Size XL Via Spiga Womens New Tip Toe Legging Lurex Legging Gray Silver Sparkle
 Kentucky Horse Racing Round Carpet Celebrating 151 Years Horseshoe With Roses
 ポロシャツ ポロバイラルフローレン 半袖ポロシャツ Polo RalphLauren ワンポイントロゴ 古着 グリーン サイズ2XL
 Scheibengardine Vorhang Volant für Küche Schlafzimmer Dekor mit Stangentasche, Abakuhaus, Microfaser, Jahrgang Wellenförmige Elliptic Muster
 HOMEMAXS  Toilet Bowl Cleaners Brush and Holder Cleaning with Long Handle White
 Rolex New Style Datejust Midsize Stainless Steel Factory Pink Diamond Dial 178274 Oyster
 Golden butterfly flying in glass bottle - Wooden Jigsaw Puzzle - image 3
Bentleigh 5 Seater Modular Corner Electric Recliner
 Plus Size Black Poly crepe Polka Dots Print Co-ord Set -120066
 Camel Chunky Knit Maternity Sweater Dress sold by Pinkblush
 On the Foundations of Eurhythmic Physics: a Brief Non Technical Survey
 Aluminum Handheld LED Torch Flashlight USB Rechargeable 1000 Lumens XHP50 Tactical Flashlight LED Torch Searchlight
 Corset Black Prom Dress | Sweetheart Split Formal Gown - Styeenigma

───

Instructions to follow
Go through the listing above and return each line that includes the word "Black".

Task response
 Plus Size Black Poly crepe Polka Dots Print Co-ord Set -120066
 Corset Black Prom Dress | Sweetheart Split Formal Gown - Styeenigma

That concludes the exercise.